Article Preview
TopIntroduction
The concept of Big Data has been endemic within computer science since the earliest days of computing. “Big Data” originally meant the volume of data that could not be processed (efficiently) by traditional database methods and tools. Each time a new storage medium was invented, the amount of data accessible exploded because it could be easily accessed. The original definition focused on structured data, but many researchers and practitioners have now come to appreciate that a very significant and growing percent of the world’s data and accumulated information resides in massive, unstructured data and information sinks. Further, very large chunks of the Big Data are, largely in the form of unstructured text, imagery, and video. The explosion of data has not been accompanied by the expanded availability of new storage mediums that can accumulate it while ensuring ready access.
We define “Big Data” as the amount of data just beyond technology’s capability to store, manage and process efficiently. These limitations are only discovered by a robust analysis of the data itself, explicit statements of its processing needs, and assessments of the capabilities and deficiencies in the tools (hardware, software, and methods) used to analyze and administer the Big Data. As with any newly recognized problem, the conclusion of how to proceed may lead to a recommendation that new tools need to be forged to perform the new tasks.
As little as 5 years ago, researchers and analysts were only thinking of tens to hundreds of terabytes of storage for our personal computers. Today, we are thinking in tens to hundreds of petabytes. Thus, Big Data like our universe, appears to be a constantly moving and expanding target. It is that growing amount of data (in volume, type, and perhaps with new characteristics) that is just beyond our immediate capabilities and grasp, e.g., we have to work hard to store it, access it, manage it, and process it.
Our conclusion about growth rate is that the current growth in the volume of data collected continues to be staggering.

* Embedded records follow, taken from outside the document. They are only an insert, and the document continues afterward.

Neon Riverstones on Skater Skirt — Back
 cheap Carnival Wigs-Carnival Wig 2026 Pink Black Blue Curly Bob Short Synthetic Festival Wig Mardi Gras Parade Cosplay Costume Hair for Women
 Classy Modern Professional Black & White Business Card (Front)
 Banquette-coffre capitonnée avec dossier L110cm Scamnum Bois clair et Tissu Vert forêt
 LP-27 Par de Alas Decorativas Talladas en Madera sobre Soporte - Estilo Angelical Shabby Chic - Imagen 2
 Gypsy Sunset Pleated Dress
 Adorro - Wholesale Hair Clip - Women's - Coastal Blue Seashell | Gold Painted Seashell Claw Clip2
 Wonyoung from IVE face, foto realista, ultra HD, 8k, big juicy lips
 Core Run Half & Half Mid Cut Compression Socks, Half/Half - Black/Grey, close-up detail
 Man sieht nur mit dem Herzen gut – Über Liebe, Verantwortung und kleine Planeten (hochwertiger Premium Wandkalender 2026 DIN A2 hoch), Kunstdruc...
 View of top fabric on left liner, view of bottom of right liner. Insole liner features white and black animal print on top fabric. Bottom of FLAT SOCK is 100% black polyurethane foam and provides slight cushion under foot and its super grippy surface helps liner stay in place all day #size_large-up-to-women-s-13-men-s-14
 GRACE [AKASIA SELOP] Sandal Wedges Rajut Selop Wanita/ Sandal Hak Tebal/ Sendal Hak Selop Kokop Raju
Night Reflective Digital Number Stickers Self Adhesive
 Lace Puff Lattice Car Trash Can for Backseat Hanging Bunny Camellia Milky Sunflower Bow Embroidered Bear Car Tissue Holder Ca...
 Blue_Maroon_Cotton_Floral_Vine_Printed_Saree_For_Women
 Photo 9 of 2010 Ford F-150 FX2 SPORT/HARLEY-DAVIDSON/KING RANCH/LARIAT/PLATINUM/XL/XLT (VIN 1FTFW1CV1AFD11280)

Further, no researcher or manager writing in all the literatures surveyed projects a slowing of the rate of growth or that a cap may exist for the total volume of data collected in the future. A major challenge for IT researchers and practitioners is that this growth rate is fast exceeding our ability to: (1) design appropriate systems to handle the data effectively, and (2) analyze it to extract relevant meaning for decision making. In this paper, we identify critical issues associated with data storage, management, processing and security. To the best of our knowledge, the research literature has addressed some of these issues, but we believe new approaches, technologies and processes will (and must) continue to emerge to address these issues as data volume approaches the Exabyte range.